Tegra has a very capable vertex processor, so you shouldn't automatically assume that a large triangle count is the reason for poor performance. However, in order to achieve high throughput a number of resources constraints must be managed.

Vertex Shader Complexity

Typically, 20-30 cycles is reasonable for most assets, but peak throughput is achieved at around 10 cycles per vertex.

Go to the Frame Profiler.
Select the Shader State checkbox only (vertex shader buckets are not fragmented based on other state).
Order the Bucket List by duration. For each significantly contributing bucket, do the following:
- Select the bucket.
- Go to Frame Debugger -> Shader Viewer.
- Select the Vertex Shader tab.
- Examine (in the lower-left view) the stats for the selected shader.

Post-transform Vertex Reuse

Improving Post-transform vertex reuse is the single easiest way to increase geometry throughput on Tegra.

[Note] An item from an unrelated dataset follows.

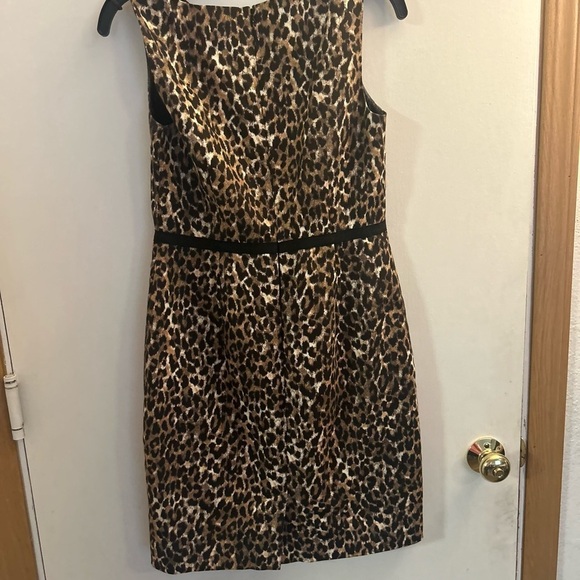 Loft ANN TAYLOR
Black Brown Cream
Leopard Cheetah
Animal Print Sheath
Dress sz 2 - Picture 3 of 8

Go to Frame Profiler -> Vertex Cache Hits. This shows an post-transform cache efficiency rating for every draw call in the scene.
Scan the displayed data, and verify that vertex re-use is reasonable. Well-optimized mesh data should show post-transform cache hits in the 70% or so range.

In order to maximize post-transform reuse, it is recommended that you use indexed triangle lists for all geometry. Indexed triangle lists allow easy construction of optimized primitives without the need for degenerate link triangles.

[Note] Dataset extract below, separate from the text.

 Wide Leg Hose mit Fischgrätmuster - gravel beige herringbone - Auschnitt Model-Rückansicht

Go to Frame Debugger -> Geometry Viewer.
Scrub through all draw calls, paying attention to:
- Type of the draw call, either non-indexed (DrawArrays) or indexed (DrawElements). DrawElements is recommended.
- Primitive mode, either TRIANGLE_STRIP/TRIANGLE_FAN/TRIANGLES. TRIANGLES is recommended.

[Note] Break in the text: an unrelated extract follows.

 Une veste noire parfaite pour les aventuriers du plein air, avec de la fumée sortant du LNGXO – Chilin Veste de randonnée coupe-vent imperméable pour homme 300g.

Place All Geometry In VBOs

Efficiently organized vertex/index data is key to reducing load on the memory system. It's recommended that you place all geometry in VBOs, and interleave vertex attribute data whenever possible (i.e., use the "array of structures" vertex layout).

Go to Frame Debugger -> Geometry Viewer.
Scrub through all draw calls.
- Any index data NOT placed in a buffer object will be flagged in red: Indices are not in a VBO.
- Any vertex data NOT placed in buffer objects will be flagged in red: Not using VBO.

Dynamically modified VBO's

NOTE: Those are identifiable by dashboard dynamic vertex buffer object indicator. (Status bar, lower right).

Dynamically modified vertex data should also be placed in buffer objects. However, modifying (glMapBufferOES/glBufferData/glBufferSubData) a submitted buffer will stall the CPU until that buffer has been completely processed by the GPU.

Currently, buffer renaming is not supported. Also, it is recommended that you double buffer dynamic VBO handles, and only update the handle not already referenced by the in-flight scene.

Find a completely static scene (so that the call-trace contains identical content each time). Do this, half a dozen or so times:

Go to the DashBoard, and ensure PerfHUD is connected and the timing data is being updated.
Grab a Frame Debugger frame.
Go to Frame Debugger -> Call Trace.
Click Export, and save the call trace out as trace_n.txt.
Load all the trace files into a text editor.
For each buffer update function called in the frame, search for the relevant dynamic buffer update function (glMapBufferOES/glBufferData/glSubBufferData) in one of the trace files.
Identify the buffer objects bound when the update is called.
Examine the same update in the other trace files, and in at least one, the buffer id should be different.

As an example, some of this with can be automated with grep:

grep -b1 glMapBufferOES trace_?.txt

The -b1 option outputs the previous one line before the match (which should capture the prior buffer binding).

Compressed Vertex Attributes

It's recommended that you reduce vertex fetch memory bandwidth as much as possible, and not rely on fp32 for everything. Tegra supports half precision float, as well as signed/unsigned byte/short formats.

Go to Frame Debugger -> Geometry Viewer.
Scrub through all draw calls, paying attention to:
- The type of each attribute. Compressed formats should be used wherever possible.
- Don't pad vertex attribute data unnecessarily. (For example, don't fetch a 4-wide attribute with constant w = 1.0 for every position. Use the GLES2 default values.)

Interleaved Vertex Attributes

The memory controller in a Tegra device is much more efficient when fetching from spatially coherent addresses. Storing vertex attributes as array of structures ensures good spatial locality for attributes making up any particular vertex. This results in an efficient memory access pattern. Not following this guidance can severely impact performance.

Go to Frame Debugger -> Geometry Viewer.
Scrub through all draw calls and verify, by examining the buffer and attribute specs, that:
- All vertex attributes are fetched from the same VBO.
- The stride of the bound VBO (if applicable) should generally be equal to the sum of the size of the attributes referenced, to reduce redundant memory between consumption.
- The individual attributes are interleaved within the VBO; i.e., each attribute has the same stride and a different (typically sub-stride) offset within the buffer.